Pediatric Fungal Endocarditis Workup

Updated: Dec 21, 2020
  • Author: Sandy N Shah, DO, MBA, FACC, FACP, FACOI; Chief Editor: Syamasundar Rao Patnana, MD  more...
  • Print

Laboratory Studies

In fungal endocarditis (FE), blood cultures may be persistently positive despite therapy, especially with Candida infection. However, culture is often negative; less than one half of candidal endocarditis cases yield positive blood cultures, and other causative organisms are even less frequently identified in blood.

Culture of urine, sputum, cerebrospinal fluid, synovial fluid, lymph node, and/or bone marrow may offer the only evidence of systemic fungal infection.

The CBC count may reveal leukocytosis with or without a left shift.

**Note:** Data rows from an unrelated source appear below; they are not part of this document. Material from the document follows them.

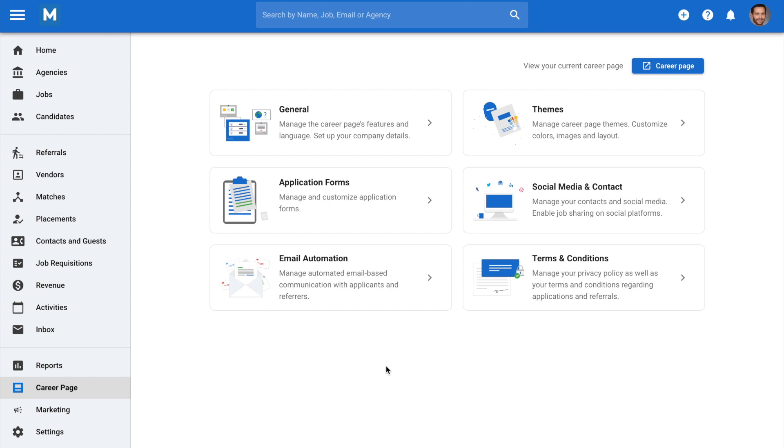Welcome to Manital. In this video, we will show you how to manage and customize automated emails sent to candidates and referrers following an application or referral on your career page.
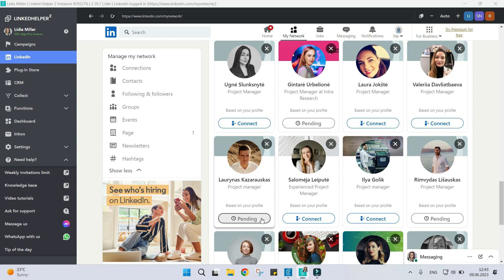Bear in mind that you should warm up a new LinkedIn account to avoid its restriction by LinkedIn. Start from 10-15 actions a day and increase your daily activity by 10 every 2-3 weeks.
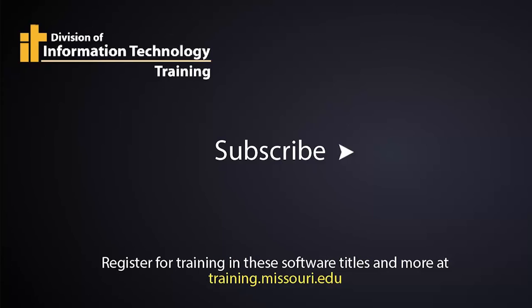This has been Mel Wilverson with IT Training at the University of Missouri. Click subscribe or one of our other videos to check out more of our content. Thanks.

Thrombocytopenia may be seen with fungal infections in general in the neonate.

Erythrocyte sedimentation rates and/or C-reactive protein levels may be elevated, although this is unusual in neonates.

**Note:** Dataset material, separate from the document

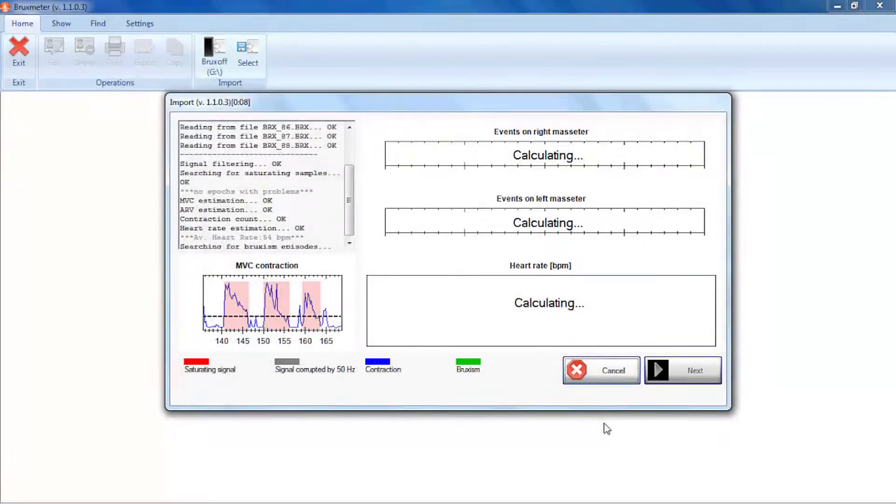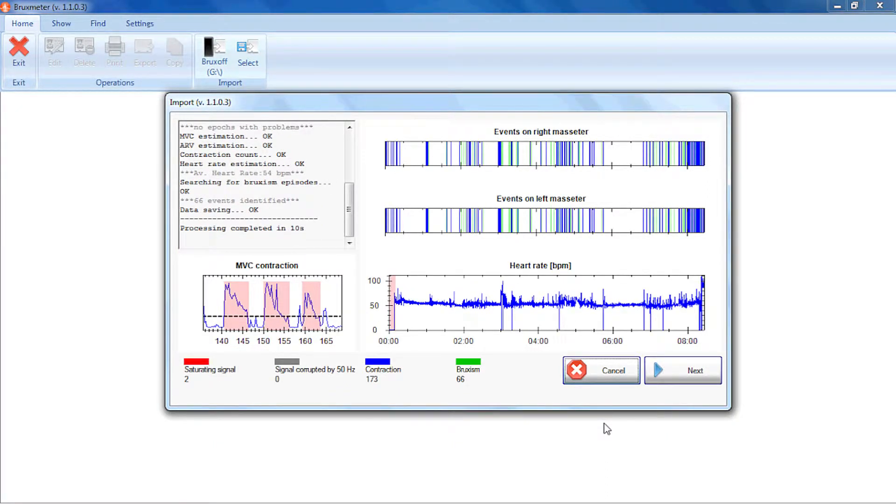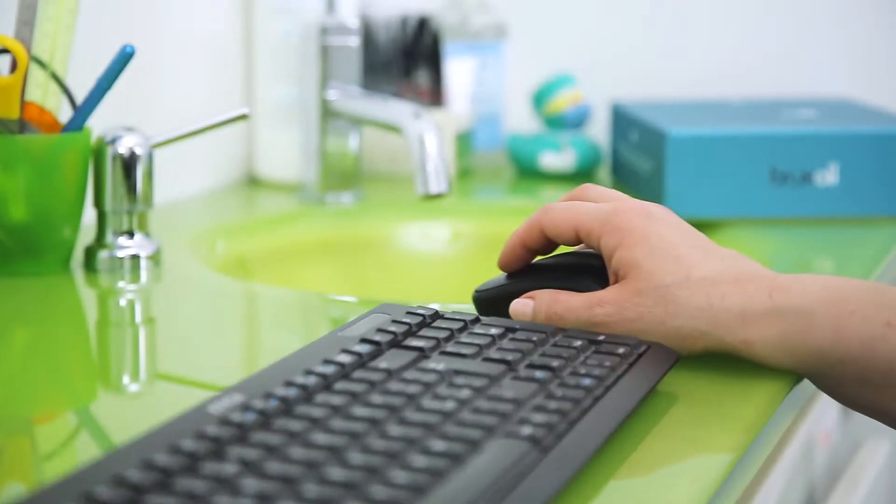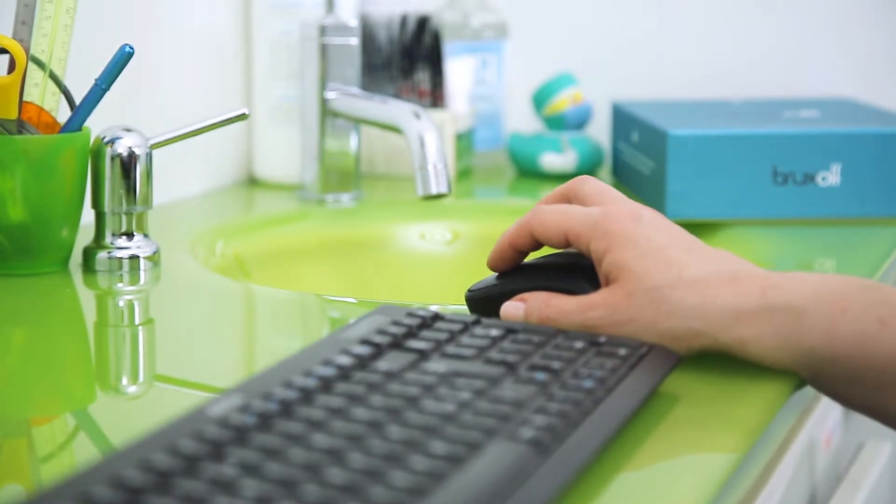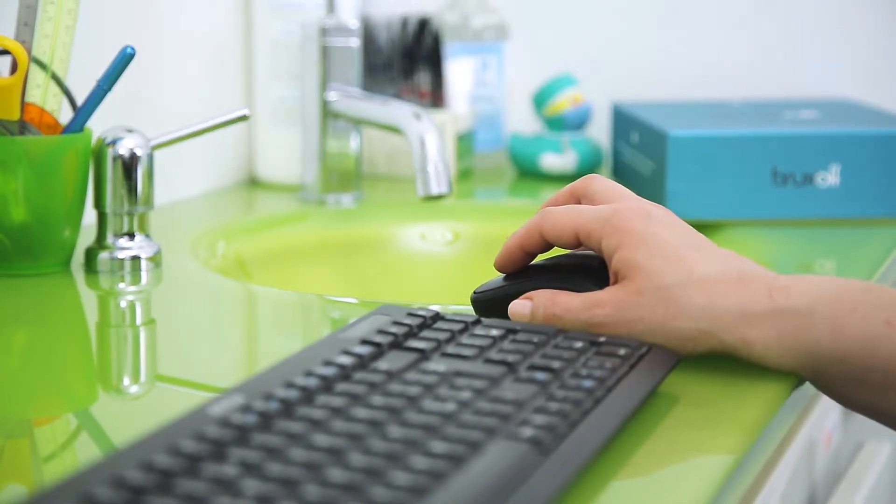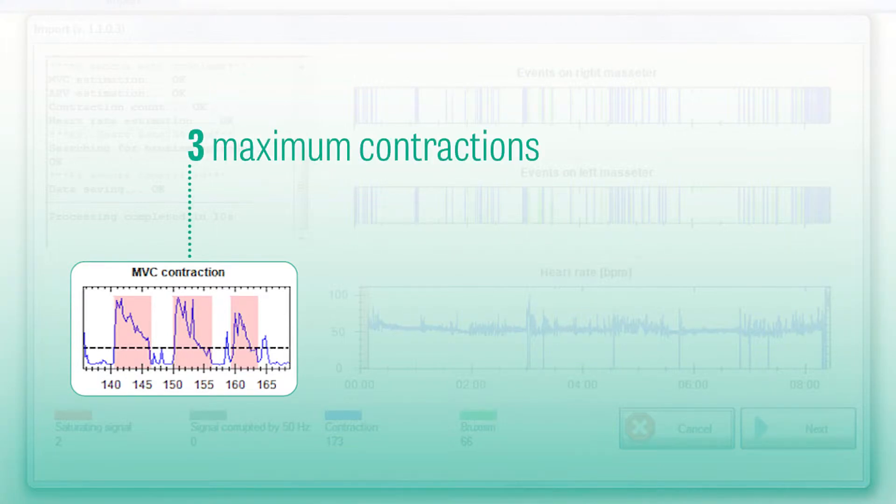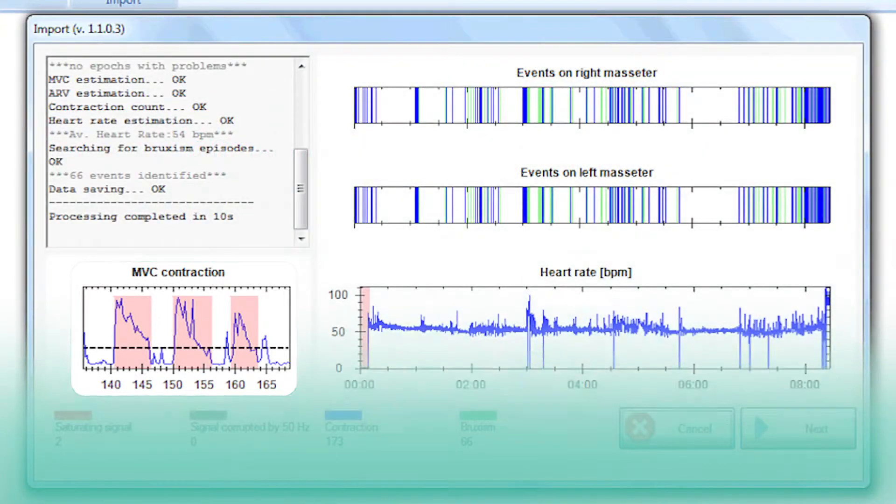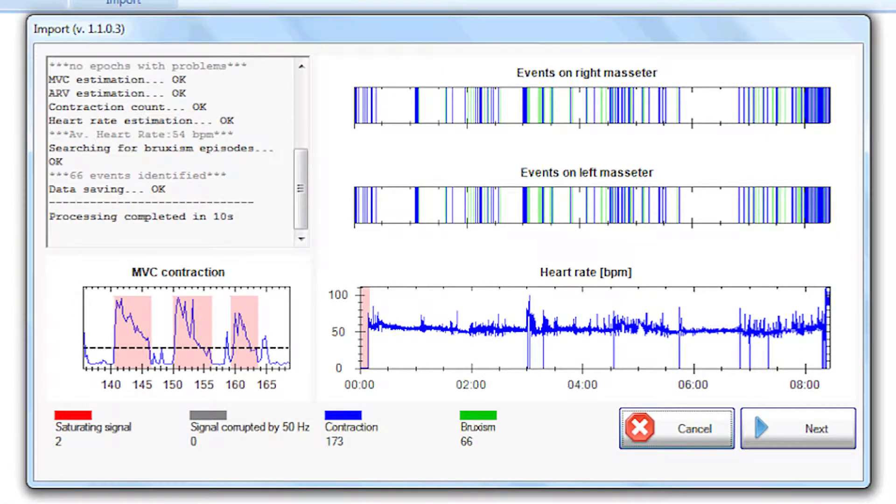The Bruxmeter software searches the data for activation of the masseter muscles and classifies these instances as contractions. The processing algorithm searches for three maximum contractions in the first three minutes of recording. The maximum activation by the patient determines the limit for identifying contractions of the masseter muscles.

Urinalysis may demonstrate hematuria, proteinuria, and/or casts.

Urine for Histoplasma antigen may be positive.

Polymerase chain reaction (PCR) on blood and/or valve tissue has been described. [14, 12] Non-invasive methods such as PCR may improve detection of the etiologic agent in a timely manner. [12]


Imaging Studies

Chest radiography

Chest radiography may reveal cardiomegaly.

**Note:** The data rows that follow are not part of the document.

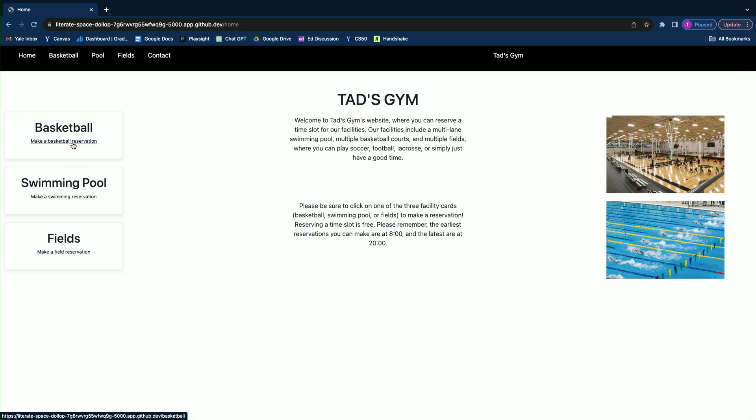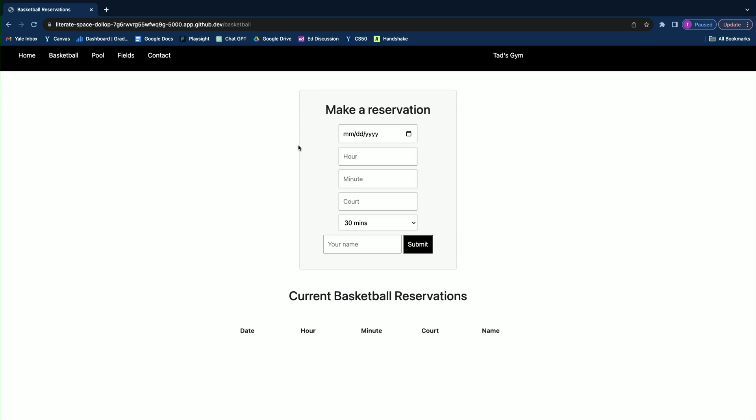As a quick example, I'll take you into the basketball reservation card. Up top, as you can see, you make a reservation — you need to input a date, an hour, a minute, a court number, and a duration, as well as your name. And once you submit that, it'll show up in the bottom where it says current basketball reservations.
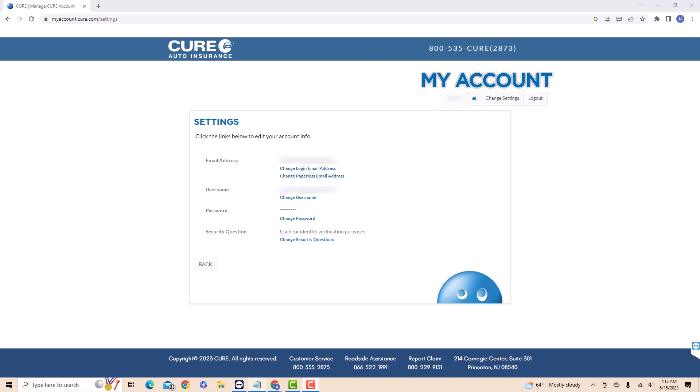Here you will see your account information. Beside username is a button that says change username. Click on change username.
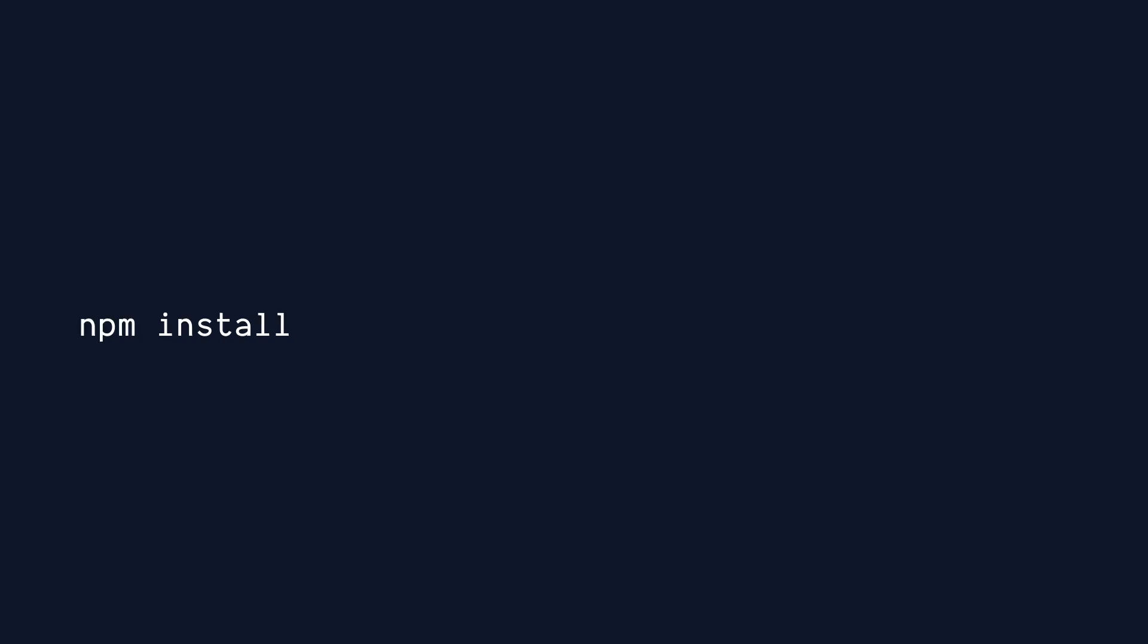Assuming you may not be familiar with Prettier, we'll do the setup from scratch together. If you're already using Prettier, you only have to really install the plugin to get started.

Chest radiography may indicate embolic pulmonary infiltrates or pleural effusions.


Transthoracic echocardiography is less sensitive than transesophageal echocardiography but is also less invasive.

Vegetations and intracardiac thrombi are the most common types but are still rare.

Echocardiography may demonstrate pericardial effusion.

Normal valves are rarely involved.

Echocardiography may suggest myocardial abscesses.

Echocardiography may demonstrate associated myocarditis or pericarditis.

Magnetic resonance imaging

Magnetic resonance imaging is particularly useful in identifying ring abscesses.


Other Tests

Fungal smears and cultures of operative specimens may be useful.

Biopsy or operative specimens should be cultured and special stains should be used to reveal acute and chronic inflammation and/or fungal elements.

Electrocardiography is usually nonspecific, although it may demonstrate supraventricular arrhythmias, QRS changes, and/or marked T-wave changes, particularly with myocarditis.



Cardiac catheterization

Catheterization may reveal vegetations, thrombi, or underlying cardiac abnormalities. However, it is not required for diagnosis; transthoracic, and when necessary transesophageal, echocardiography may be adequate for the diagnosis. When needed, it should be performed with care in the context of active infection.

Postcatheterization complications include hemorrhage, vascular disruption after balloon dilation, pain, nausea and vomiting, and arterial or venous obstruction from thrombosis or spasm.

Complications may include rupture of blood vessel, tachyarrhythmias, bradyarrhythmias, and vascular occlusion.

Contrast-enhanced central venous catheter

Contrast-enhanced central venous catheter (CVC) injection studies may reveal a catheter-associated thrombus.